Stocks Climb as Trump Puts Off Tariff Hike; Dollar Slightly Unsteady: Market Update By Robert Brand
Markets worldwide rallied on Monday after President Donald Trump pushed back a planned hike in tariffs on the European Union. The move gave investors some relief after days of uncertainty and tension.
European shares rebounded sharply, erasing last week’s losses triggered by Trump’s earlier threat to slap 50% tariffs on EU goods. US stock futures also climbed, with S&P 500 and Nasdaq 100 contracts rising over 1%. The dollar, meanwhile, remained near its lowest level in nearly two years, with investors losing confidence in the US currency.
Trump’s change of heart came after a phone call with European Commission President Ursula von der Leyen. The new tariff deadline is now set for July 9 instead of June 1, giving both sides more time to work out a deal. Von der Leyen posted on X that Europe is ready to talk but warned that a good deal will still take time.
The markets have been reacting sharply to Trump’s shifting trade policies. Investors say they’ve seen this pattern before—Trump makes bold threats, backtracks under pressure, and markets swing wildly in response. Jochen Stanzl, a market analyst, described it as the “Trump Pattern,” a cycle that adventurous traders now anticipate.
Still, not everyone is optimistic. Frederic Rozier, a portfolio manager, noted that while markets bounce back after every threat, the rebound seems weaker each time. Investors, he said, are getting tired of the back-and-forth. Even if a trade deal is reached, Rozier warned that European stocks may still take a hit.
Trump’s tariff threats last Friday went beyond Europe. He also warned that a 25% tax could hit smartphones from Apple and Samsung unless they shift production to the US.
Some European companies made headlines for other reasons. Thyssenkrupp shares soared over 8% after reports that the company’s CEO plans to restructure the business into a holding company to cut costs. Volvo also gained nearly 5% after announcing job cuts aimed at protecting profits.

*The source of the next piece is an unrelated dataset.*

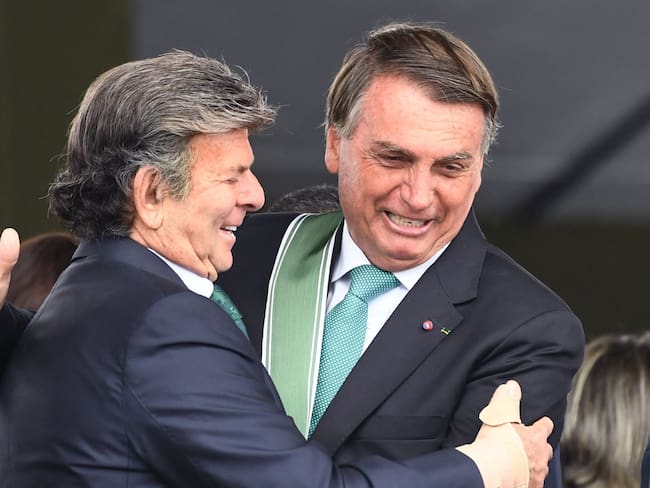 Brazilian President Jair Bolsonaro (R) and the President of the Supreme Court, Luiz Fux, greet each other during the Brazilian Army Day celebration at the Army Headquarters in Brasilia, on April 19, 2022 (Photo by EVARISTO SA / AFP)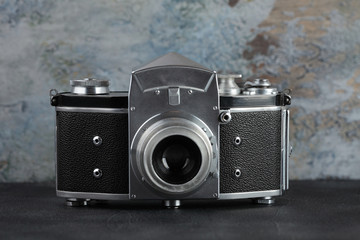 The old 35 mm SLR camera on a grey cement wall.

Meanwhile, the dollar struggled. Bloomberg’s dollar index is nearing its lowest level since July 2023. Traders are backing off the dollar, with recent data showing they’ve reduced bearish bets to $12.4 billion from $16.5 billion the week before.
This week could bring more volatility. Nvidia is set to report its earnings on Wednesday. As a leader in the AI chip industry, its results are expected to influence the performance of growth stocks. On Friday, the US will release April’s core PCE inflation data—a key figure the Federal Reserve watches closely.
Adding to global worries, rising congestion at European ports hints that ongoing trade tensions may disrupt global shipping. That could drive up transportation costs and further pressure the world economy.
Market Snapshot (as of 4:54 p.m. NY time):
- Stocks: S&P 500 futures rose 1.3%, Nasdaq 100 gained 1.5%, and the MSCI World Index edged up 0.3%.
- Currencies: The Euro and British pound both rose 0.2%. The Japanese yen slipped slightly.
- Cryptos: Bitcoin climbed 1.7%, Ether rose 1.6%.
- Bonds: US 10-year yield dropped to 4.51%. UK gilt yields also declined.
- Commodities: Oil prices held steady, while gold dipped 0.4%.